_Materials provided_
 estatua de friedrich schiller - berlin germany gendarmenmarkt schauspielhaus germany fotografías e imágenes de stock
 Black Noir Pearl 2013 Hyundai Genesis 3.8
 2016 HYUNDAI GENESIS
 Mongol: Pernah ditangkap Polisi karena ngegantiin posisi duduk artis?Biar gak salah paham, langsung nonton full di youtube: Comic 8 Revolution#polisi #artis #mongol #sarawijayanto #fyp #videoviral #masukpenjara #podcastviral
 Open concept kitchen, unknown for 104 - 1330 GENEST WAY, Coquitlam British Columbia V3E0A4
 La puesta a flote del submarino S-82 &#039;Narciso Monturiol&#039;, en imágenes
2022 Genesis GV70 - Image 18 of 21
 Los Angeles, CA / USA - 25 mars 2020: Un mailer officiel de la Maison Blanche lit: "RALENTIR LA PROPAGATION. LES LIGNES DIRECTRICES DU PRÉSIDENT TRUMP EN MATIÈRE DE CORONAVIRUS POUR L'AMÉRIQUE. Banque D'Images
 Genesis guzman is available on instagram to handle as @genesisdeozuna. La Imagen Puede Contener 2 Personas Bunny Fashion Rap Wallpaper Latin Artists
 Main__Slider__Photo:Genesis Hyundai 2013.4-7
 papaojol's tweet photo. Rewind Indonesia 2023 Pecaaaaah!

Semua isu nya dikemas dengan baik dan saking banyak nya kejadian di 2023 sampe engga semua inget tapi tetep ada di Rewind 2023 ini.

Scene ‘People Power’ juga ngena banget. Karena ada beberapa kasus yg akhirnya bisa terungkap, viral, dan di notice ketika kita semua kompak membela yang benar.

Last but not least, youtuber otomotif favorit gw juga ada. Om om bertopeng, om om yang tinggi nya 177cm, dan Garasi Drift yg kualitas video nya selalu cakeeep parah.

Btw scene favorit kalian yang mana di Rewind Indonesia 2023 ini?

_Task details_
Every entry should be duplicated exactly as written.

_Exercise answer_
 estatua de friedrich schiller - berlin germany gendarmenmarkt schauspielhaus germany fotografías e imágenes de stock
 Black Noir Pearl 2013 Hyundai Genesis 3.8
 2016 HYUNDAI GENESIS
 Mongol: Pernah ditangkap Polisi karena ngegantiin posisi duduk artis?Biar gak salah paham, langsung nonton full di youtube: Comic 8 Revolution#polisi #artis #mongol #sarawijayanto #fyp #videoviral #masukpenjara #podcastviral
 Open concept kitchen, unknown for 104 - 1330 GENEST WAY, Coquitlam British Columbia V3E0A4
 La puesta a flote del submarino S-82 &#039;Narciso Monturiol&#039;, en imágenes
2022 Genesis GV70 - Image 18 of 21
 Los Angeles, CA / USA - 25 mars 2020: Un mailer officiel de la Maison Blanche lit: "RALENTIR LA PROPAGATION. LES LIGNES DIRECTRICES DU PRÉSIDENT TRUMP EN MATIÈRE DE CORONAVIRUS POUR L'AMÉRIQUE. Banque D'Images
 Genesis guzman is available on instagram to handle as @genesisdeozuna. La Imagen Puede Contener 2 Personas Bunny Fashion Rap Wallpaper Latin Artists
 Main__Slider__Photo:Genesis Hyundai 2013.4-7
 papaojol's tweet photo. Rewind Indonesia 2023 Pecaaaaah!

Semua isu nya dikemas dengan baik dan saking banyak nya kejadian di 2023 sampe engga semua inget tapi tetep ada di Rewind 2023 ini.

Scene ‘People Power’ juga ngena banget. Karena ada beberapa kasus yg akhirnya bisa terungkap, viral, dan di notice ketika kita semua kompak membela yang benar.

Last but not least, youtuber otomotif favorit gw juga ada. Om om bertopeng, om om yang tinggi nya 177cm, dan Garasi Drift yg kualitas video nya selalu cakeeep parah.

Btw scene favorit kalian yang mana di Rewind Indonesia 2023 ini?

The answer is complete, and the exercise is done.